**Exercise goal**
Return only the lines below starting at the line containing "Online MoTeX impresora" and ending at the line containing "2018-2023 Jeep Wrangler", both included, exactly as they are and with no pictures.

**Data provided**
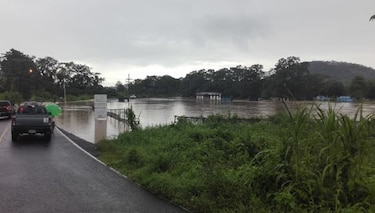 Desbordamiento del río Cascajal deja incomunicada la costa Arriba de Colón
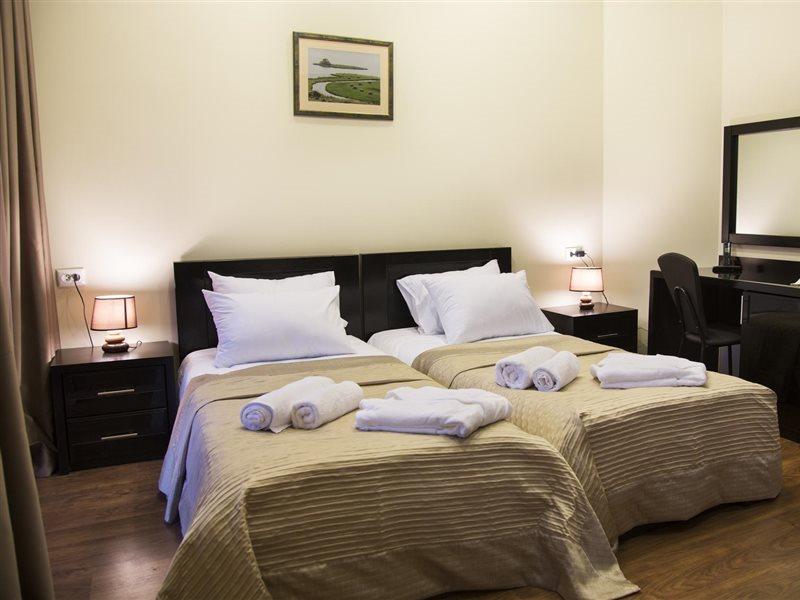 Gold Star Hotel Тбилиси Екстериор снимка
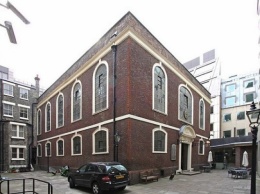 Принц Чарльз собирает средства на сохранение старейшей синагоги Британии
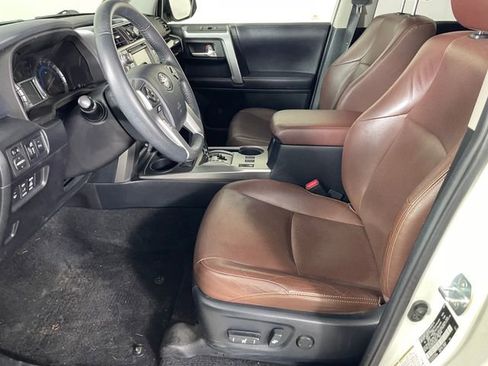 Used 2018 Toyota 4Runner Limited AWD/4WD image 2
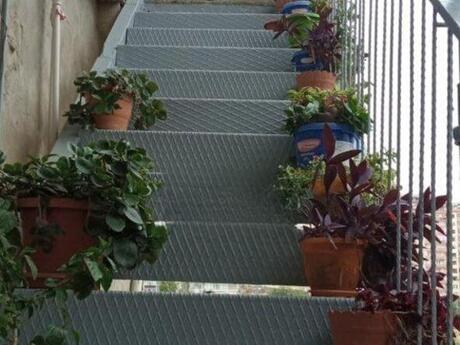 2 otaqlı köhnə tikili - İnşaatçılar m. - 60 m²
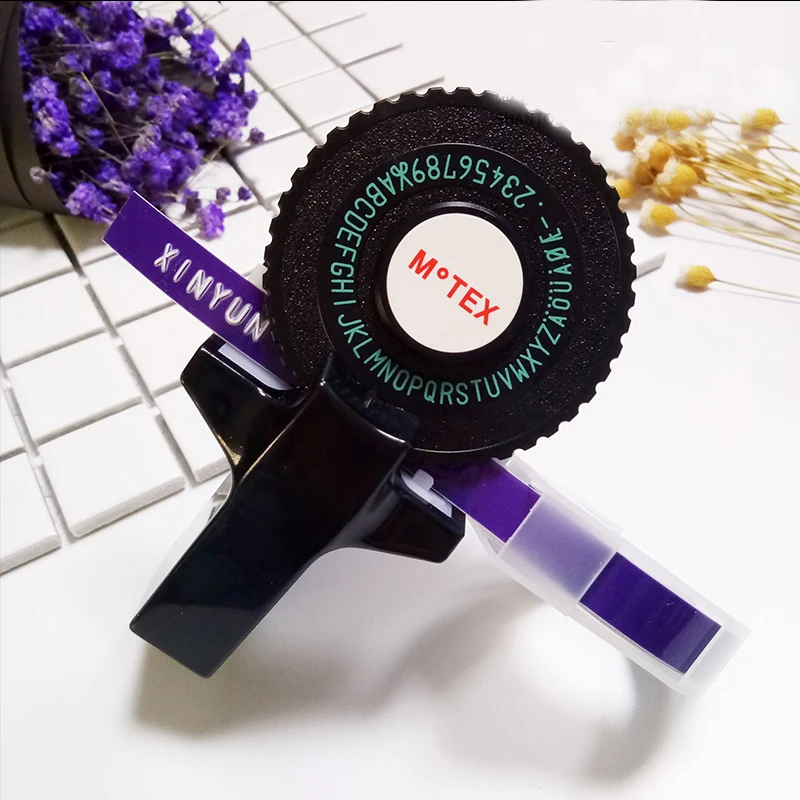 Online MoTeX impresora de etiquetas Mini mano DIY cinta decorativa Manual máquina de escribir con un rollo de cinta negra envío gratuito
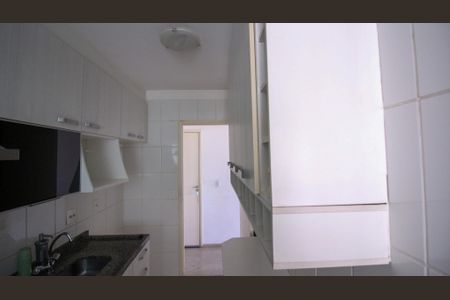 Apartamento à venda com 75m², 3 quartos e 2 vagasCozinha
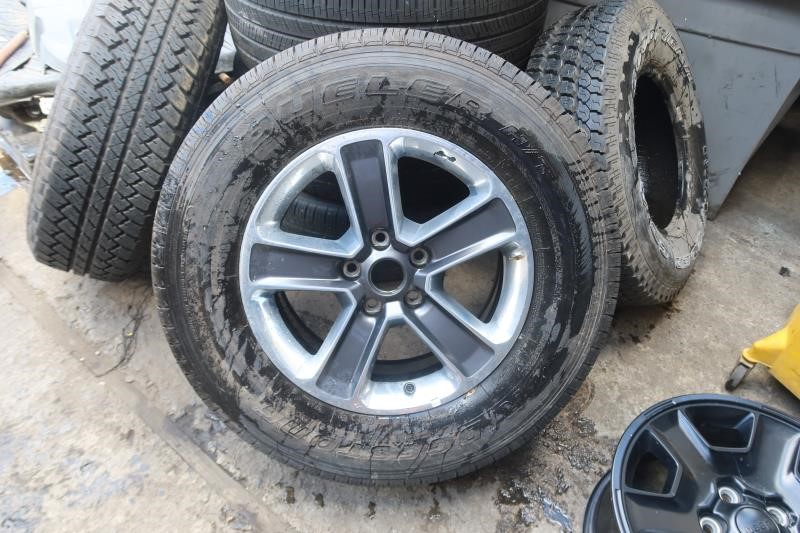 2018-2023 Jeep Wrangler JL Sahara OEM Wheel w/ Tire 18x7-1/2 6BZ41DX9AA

==

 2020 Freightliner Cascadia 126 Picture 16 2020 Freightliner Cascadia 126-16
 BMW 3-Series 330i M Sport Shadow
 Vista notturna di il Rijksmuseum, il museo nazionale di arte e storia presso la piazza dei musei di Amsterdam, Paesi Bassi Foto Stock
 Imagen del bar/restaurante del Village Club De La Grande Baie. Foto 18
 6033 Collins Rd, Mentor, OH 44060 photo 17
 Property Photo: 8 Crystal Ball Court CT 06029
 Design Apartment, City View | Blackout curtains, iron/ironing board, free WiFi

--

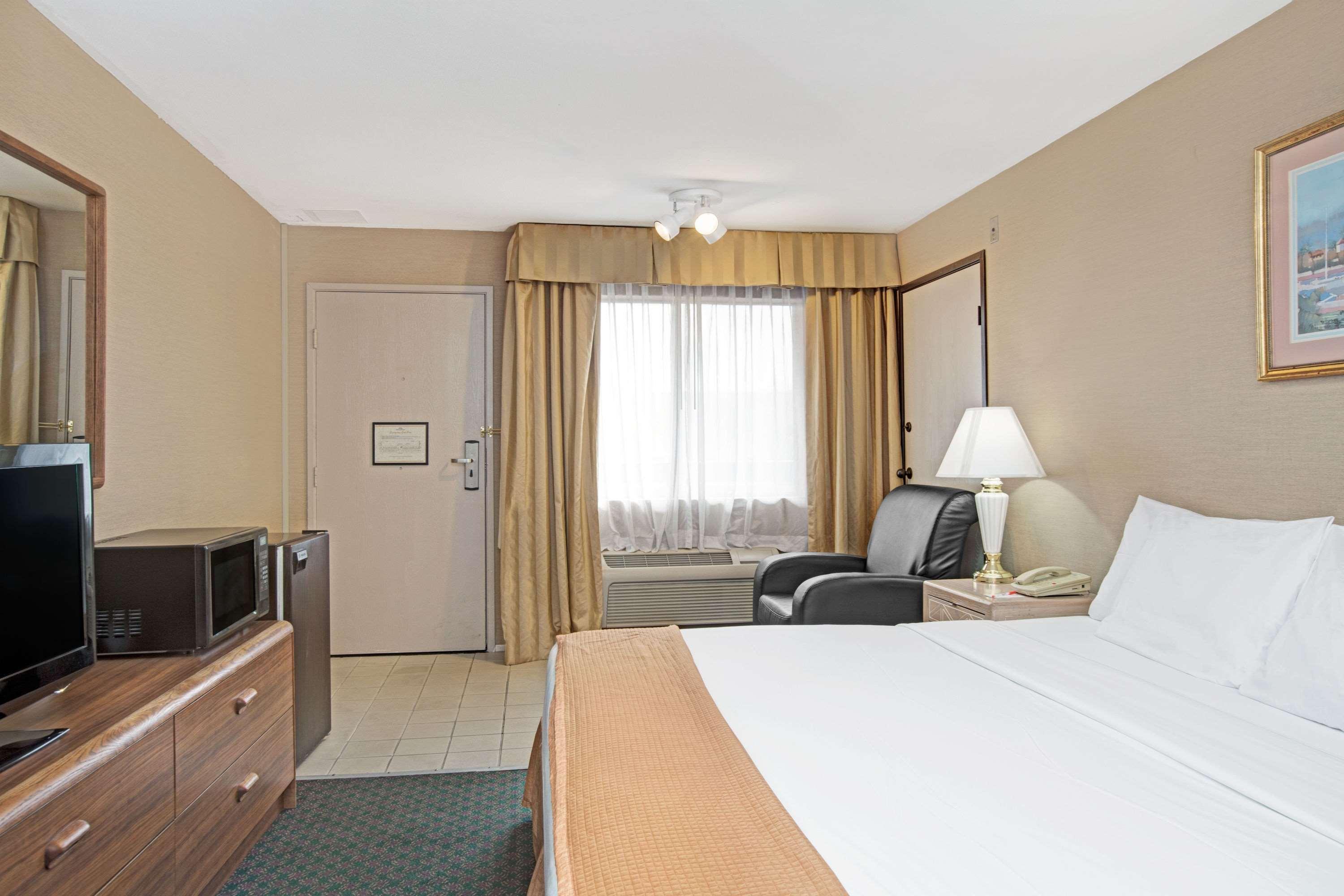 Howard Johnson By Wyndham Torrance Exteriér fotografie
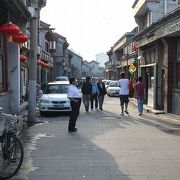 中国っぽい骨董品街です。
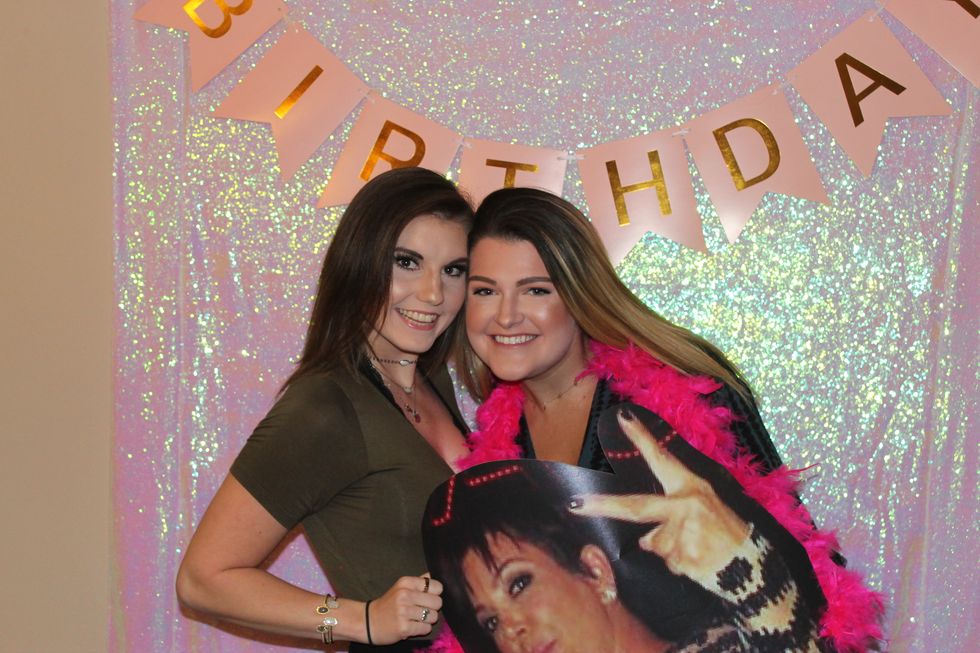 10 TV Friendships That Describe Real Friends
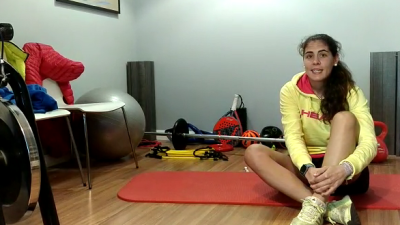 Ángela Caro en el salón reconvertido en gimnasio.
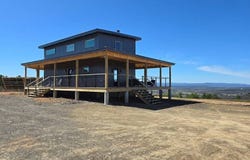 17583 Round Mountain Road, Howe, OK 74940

**Reply**
 Online MoTeX impresora de etiquetas Mini mano DIY cinta decorativa Manual máquina de escribir con un rollo de cinta negra envío gratuito
 Apartamento à venda com 75m², 3 quartos e 2 vagasCozinha
 2018-2023 Jeep Wrangler JL Sahara OEM Wheel w/ Tire 18x7-1/2 6BZ41DX9AA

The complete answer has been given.